-- Collected material follows --

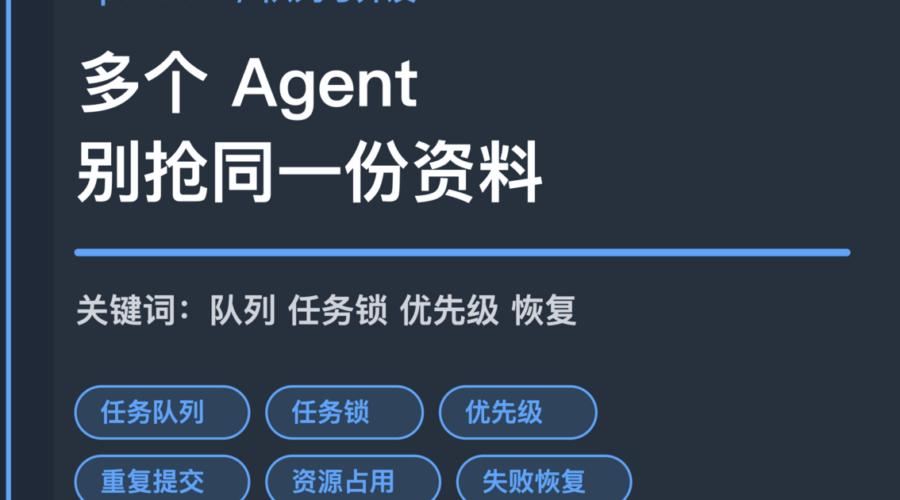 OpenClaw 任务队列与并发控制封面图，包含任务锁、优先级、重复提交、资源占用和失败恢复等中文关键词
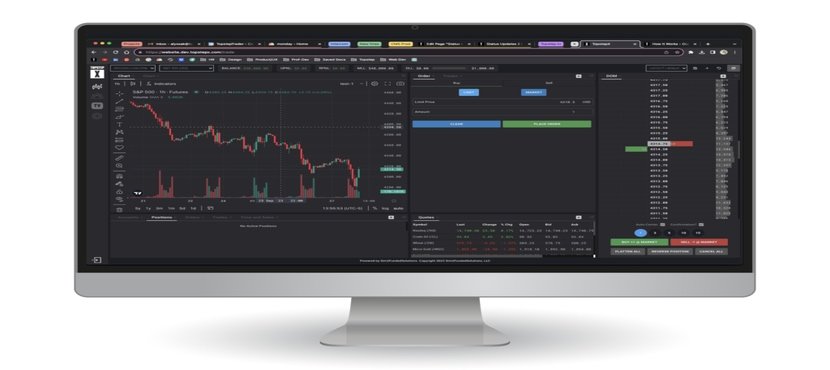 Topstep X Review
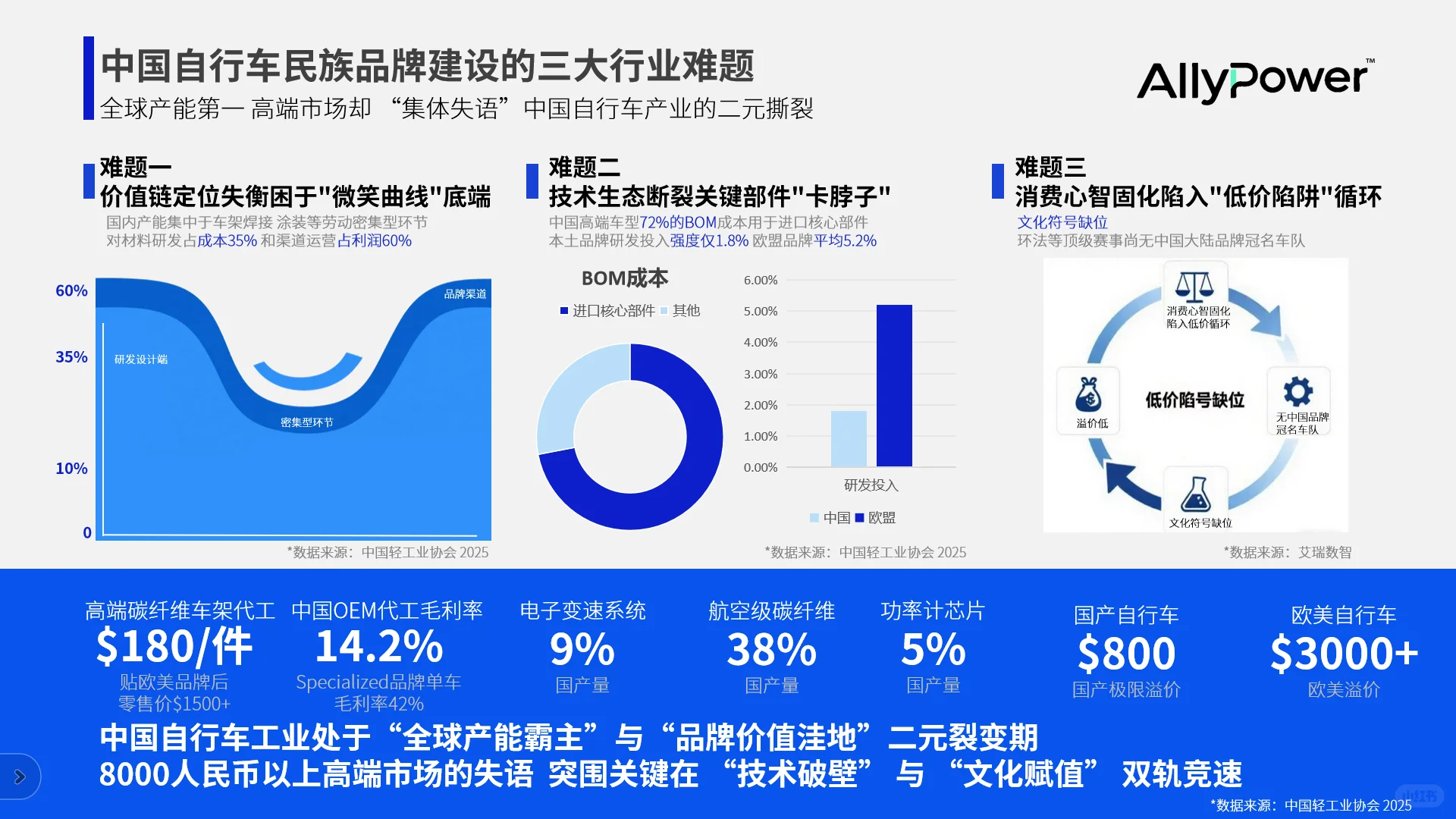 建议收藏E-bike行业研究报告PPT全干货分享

-- Collected material concluded --

Problem description -> Retype all of the material above exactly; the pictures stay out.

Answer for this exercise ->
 OpenClaw 任务队列与并发控制封面图，包含任务锁、优先级、重复提交、资源占用和失败恢复等中文关键词
 Topstep X Review
 建议收藏E-bike行业研究报告PPT全干货分享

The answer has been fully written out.